#### DATASET RECORDS:
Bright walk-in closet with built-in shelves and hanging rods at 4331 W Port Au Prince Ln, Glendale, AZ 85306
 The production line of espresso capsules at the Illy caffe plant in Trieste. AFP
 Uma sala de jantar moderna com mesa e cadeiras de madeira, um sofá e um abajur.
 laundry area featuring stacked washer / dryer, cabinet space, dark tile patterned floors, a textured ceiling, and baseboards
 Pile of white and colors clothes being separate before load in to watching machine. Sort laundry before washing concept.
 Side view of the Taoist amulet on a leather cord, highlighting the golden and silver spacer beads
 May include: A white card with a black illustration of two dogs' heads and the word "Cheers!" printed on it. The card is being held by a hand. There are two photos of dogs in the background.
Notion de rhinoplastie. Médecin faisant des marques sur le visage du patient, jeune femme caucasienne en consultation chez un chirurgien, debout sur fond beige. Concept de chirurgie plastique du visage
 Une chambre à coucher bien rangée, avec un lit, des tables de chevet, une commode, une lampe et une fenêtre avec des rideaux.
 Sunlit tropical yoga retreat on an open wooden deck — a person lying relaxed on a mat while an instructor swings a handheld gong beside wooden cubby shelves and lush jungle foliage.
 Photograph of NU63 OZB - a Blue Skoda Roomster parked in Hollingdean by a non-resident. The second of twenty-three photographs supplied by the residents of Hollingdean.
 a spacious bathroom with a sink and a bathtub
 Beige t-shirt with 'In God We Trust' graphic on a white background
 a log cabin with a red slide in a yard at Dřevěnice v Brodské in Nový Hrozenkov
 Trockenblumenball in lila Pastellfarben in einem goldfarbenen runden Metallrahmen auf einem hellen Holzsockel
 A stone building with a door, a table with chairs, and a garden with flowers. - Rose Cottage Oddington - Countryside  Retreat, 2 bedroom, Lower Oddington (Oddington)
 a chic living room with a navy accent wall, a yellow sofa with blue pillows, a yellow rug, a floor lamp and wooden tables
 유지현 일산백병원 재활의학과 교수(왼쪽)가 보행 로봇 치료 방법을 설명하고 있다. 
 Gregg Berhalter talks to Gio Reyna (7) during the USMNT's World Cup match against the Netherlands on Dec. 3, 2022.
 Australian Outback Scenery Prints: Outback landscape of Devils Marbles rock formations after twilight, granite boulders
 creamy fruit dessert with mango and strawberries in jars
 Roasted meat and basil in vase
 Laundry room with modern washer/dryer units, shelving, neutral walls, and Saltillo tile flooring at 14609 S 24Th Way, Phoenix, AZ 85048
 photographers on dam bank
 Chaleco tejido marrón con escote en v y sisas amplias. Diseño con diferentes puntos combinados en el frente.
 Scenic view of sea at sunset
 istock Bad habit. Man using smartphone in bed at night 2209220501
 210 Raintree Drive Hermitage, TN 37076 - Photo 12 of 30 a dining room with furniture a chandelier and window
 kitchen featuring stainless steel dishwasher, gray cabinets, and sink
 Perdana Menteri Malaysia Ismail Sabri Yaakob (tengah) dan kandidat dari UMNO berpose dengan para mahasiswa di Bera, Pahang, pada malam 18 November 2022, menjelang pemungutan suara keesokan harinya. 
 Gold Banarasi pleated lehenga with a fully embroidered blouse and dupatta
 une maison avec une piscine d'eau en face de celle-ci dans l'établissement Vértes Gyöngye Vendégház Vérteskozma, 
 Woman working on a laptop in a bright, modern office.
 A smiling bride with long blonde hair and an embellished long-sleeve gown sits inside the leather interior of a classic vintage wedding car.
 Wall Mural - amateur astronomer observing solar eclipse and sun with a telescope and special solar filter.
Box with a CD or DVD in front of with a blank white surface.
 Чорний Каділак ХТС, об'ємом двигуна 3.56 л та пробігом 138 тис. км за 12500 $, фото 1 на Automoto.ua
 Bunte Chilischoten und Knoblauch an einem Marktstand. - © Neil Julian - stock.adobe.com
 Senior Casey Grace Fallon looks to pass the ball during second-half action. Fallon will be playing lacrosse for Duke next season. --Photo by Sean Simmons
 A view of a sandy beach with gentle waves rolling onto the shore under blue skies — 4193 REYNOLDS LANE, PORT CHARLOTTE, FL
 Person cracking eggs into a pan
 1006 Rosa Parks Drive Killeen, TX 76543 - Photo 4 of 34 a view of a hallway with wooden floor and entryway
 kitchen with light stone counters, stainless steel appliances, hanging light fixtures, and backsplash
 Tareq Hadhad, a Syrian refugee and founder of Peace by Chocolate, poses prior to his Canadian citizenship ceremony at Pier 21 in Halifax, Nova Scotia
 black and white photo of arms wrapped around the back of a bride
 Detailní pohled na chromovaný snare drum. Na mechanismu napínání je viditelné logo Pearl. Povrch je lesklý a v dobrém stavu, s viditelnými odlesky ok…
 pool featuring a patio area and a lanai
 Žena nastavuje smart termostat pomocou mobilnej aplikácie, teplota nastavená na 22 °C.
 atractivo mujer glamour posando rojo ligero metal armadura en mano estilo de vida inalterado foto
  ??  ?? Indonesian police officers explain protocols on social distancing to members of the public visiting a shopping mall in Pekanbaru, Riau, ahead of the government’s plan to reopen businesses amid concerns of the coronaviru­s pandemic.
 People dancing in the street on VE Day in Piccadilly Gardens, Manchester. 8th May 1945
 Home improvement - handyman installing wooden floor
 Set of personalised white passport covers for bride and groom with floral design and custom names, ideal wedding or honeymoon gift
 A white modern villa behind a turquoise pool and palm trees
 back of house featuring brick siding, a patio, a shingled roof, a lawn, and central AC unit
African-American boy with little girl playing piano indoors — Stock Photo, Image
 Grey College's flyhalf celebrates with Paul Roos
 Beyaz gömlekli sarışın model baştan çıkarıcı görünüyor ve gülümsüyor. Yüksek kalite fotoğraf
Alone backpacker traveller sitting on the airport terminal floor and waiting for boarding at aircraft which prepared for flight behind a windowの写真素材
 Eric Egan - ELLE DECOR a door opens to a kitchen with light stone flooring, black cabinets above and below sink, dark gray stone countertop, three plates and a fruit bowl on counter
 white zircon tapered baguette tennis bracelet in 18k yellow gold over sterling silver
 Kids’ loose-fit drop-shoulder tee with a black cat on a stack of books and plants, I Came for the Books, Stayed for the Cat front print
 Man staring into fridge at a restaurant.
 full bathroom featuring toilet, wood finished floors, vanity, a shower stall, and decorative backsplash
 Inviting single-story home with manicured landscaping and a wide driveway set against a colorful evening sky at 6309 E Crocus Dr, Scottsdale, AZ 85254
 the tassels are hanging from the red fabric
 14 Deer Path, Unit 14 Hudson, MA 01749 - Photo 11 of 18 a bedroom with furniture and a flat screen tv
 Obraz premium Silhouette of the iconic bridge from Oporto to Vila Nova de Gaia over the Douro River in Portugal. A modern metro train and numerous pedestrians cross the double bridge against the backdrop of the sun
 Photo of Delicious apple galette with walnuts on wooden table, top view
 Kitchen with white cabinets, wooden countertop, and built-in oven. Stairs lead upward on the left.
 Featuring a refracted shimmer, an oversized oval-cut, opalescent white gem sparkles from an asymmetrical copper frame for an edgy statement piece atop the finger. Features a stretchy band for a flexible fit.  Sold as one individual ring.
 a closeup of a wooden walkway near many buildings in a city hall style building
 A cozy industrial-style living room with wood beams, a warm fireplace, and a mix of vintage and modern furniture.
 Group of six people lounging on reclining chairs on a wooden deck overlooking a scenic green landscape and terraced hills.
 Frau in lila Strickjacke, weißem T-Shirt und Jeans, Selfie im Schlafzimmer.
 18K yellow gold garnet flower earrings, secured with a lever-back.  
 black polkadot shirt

#### THE PROBLEM:
Search the records above for "style" and copy every line that has it.

#### OUTPUT FOR THIS EXERCISE:
 a closeup of a wooden walkway near many buildings in a city hall style building
 A cozy industrial-style living room with wood beams, a warm fireplace, and a mix of vintage and modern furniture.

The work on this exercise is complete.